Dans un tel climat, le Général voit bien qu’un moment de clarification s’offre à lui. Tandis qu’une grande partie de la classe politique cherche à lui faire barrage, il se saisit de l’occasion pour dissoudre l’Assemblée. Il l’emporte et s’assure une nouvelle majorité. Il parvient ainsi à affirmer sa conception de la Ve République.

N’y a-t-il pas néanmoins un rapprochement à établir ?

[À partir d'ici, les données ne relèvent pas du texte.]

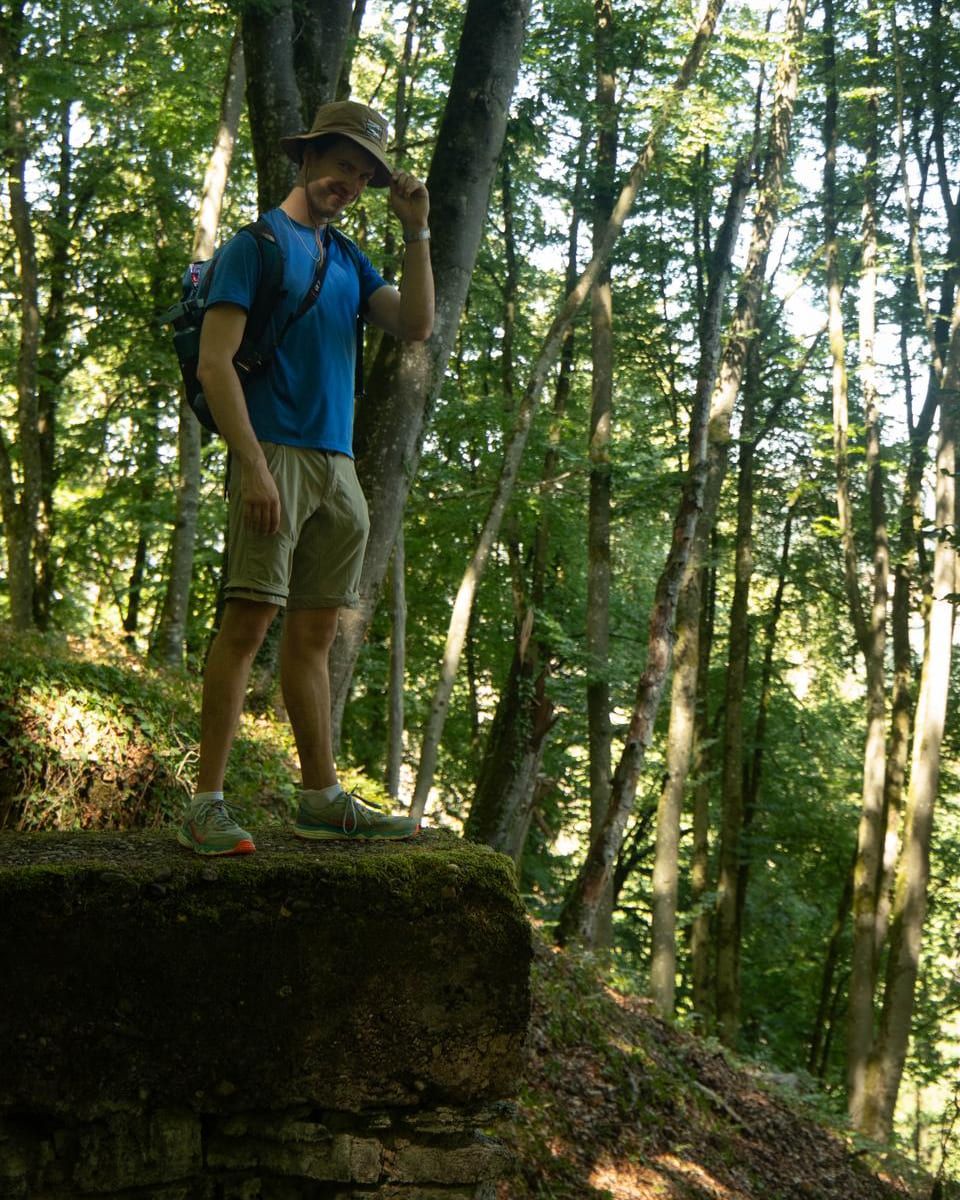Yaroslav standing on a mossy stone ledge in a sunlit beech forest, tipping the brim of his hat towards the camera.
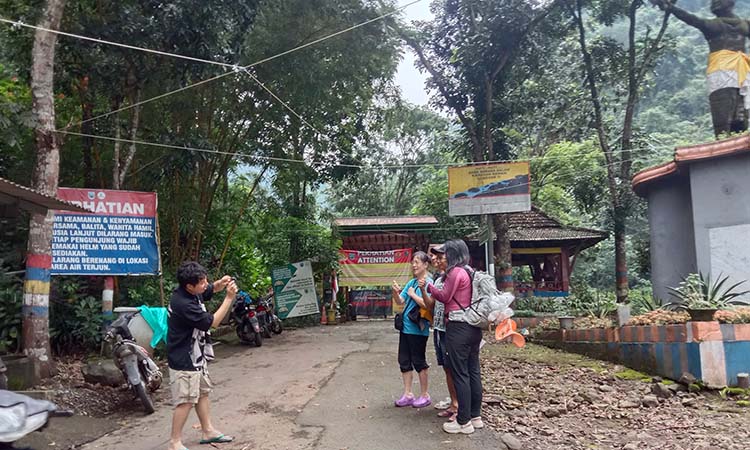 Rombongan wisman berfoto di depan patung Gajah Mada, akses masuk ke air terjun Madakaripura, Probolinggo. (Inayah Putri Maharani/ Radar Bromo)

S’il y en a un, il relève de la psychologie politique. De Gaulle était habité par la volonté d’être au centre des débats, de créer l’événement plutôt que de le subir. Face à une situation difficile, il préférait toujours « jeter un pavé dans la mare aux grenouilles », comme il l’écrit dans ses Mémoires. Il disait également qu’il fallait savoir « bousculer le pot de fleurs ». Il estimait qu’il valait mieux être maître de son destin, quitte à prendre des risques parfois inconsidérés. Dans son livre Le Fil de l’épée [1932, Tempus Perrin], il compare « la maîtrise de soi du chef » au « sang-froid du joueur lorsqu’il élève les enjeux ».